Hollywood: Hollywood Free Paper, ca. early-1970s. Silkscreen. 17 1/2 x 23 in. Very good. Item #5435
San Francisco in the 1960s is most frequently associated with the hippie movement and the so-called "Summer of Love." A lesser known spiritual movement sprouted alongside it: a loose network of Evangelical groups eventually referred to as Jesus people or Jesus freaks (a term which, at the time, was not seen as pejorative). Although the movement first gained traction in San Francisco, particularly Haight-Ashbury, its nucleus quickly became Los Angeles. Leaders such as Arthur Blessitt and Tony and Susan Alamo set up shop on Sunset Strip, preaching on the street and opening coffee shops where converts congregated. As the posters in this list evidence, the movement embraced the prevailing countercultural aesthetics of the time. Music festivals, underground newspapers, and merchandise such as pins, posters, and t-shirts were all used to recruit, cohere, and build the movement. The movement spread to northern Europe, where it remains active in Germany.

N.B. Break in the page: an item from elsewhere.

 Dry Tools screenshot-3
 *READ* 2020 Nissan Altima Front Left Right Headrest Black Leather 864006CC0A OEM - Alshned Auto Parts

A small cross perched alongside the “One Way” sign—a hand with an extended forefinger—served as a logo for the movement. On this poster, the symbol sits above the word “Jesus” in box letters, and images of young, smiling Jesus People flood the text and symbol. They hold signs reading “Try Jesus” and “One Way His Way,” free-floating One Way forefingers abound. The photographs are from Spiritual Revolution Day, a march and gathering held on February 13, 1971 which drew several thousand Jesus People.